I could flatten the matrix to 1d array, order the array and use its index to recover to the original matrix index. But it feels wrong.

Is there some built-in ability in python for that?


Solution

  • You could use np.ndenumerate to get an iterator of indices and values.

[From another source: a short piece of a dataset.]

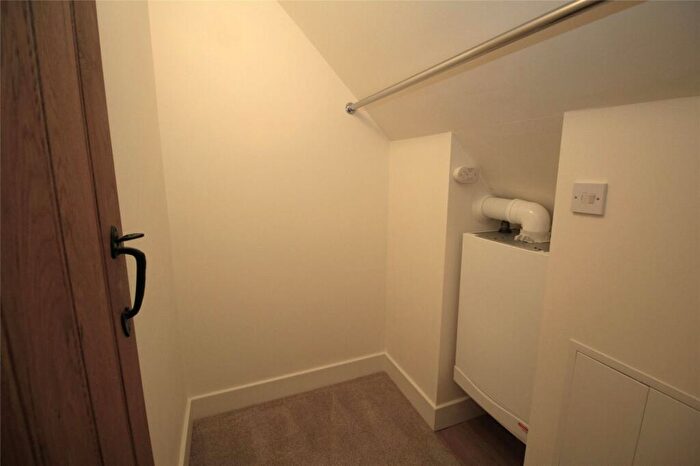 1 Bedroom Maisonette To Rent In Medstead Road, Beech, Alton, Hampshire, GU34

    You could convert it to a list:

    >>> import numpy as np
    >>> m = np.matrix('1 2; 3 4')
    >>> list(np.ndenumerate(m))
    [((0, 0), 1), ((0, 1), 2), ((1, 0), 3), ((1, 1), 4)]
    

    sort by values:

    >>> sorted([(v, i) for (i,v) in np.ndenumerate(m)], reverse=True)
    [(4, (1, 1)), (3, (1, 0)), (2, (0, 1)), (1, (0, 0))]
    

    and extract the indices:

    >>> [i for (_, i) in sorted([(v, i) for (i,v) in np.ndenumerate(m)], reverse=True)]
    [(1, 1), (1, 0), (0, 1), (0, 0)]
    

    I don't know if it's possible to do it in less steps. Here's an example with another matrix:

    >>> m = np.matrix('1 4; 3 2')
    >>> [i for (_, i) in sorted([(v, i) for (i,v) in np.ndenumerate(m)], reverse=True)]
    [(0, 1), (1, 0), (1, 1), (0, 0)]
    

    It might seem messy to mix numpy and vanilla list comprehensions. The problem is that ndenumerate returns an iterator. You could use:

    np.fromiter(np.ndenumerate(m), np.dtype('2i, 1i'))
    

    but it's a 1-D array of tuples, which doesn't makes indexing or sorting easier.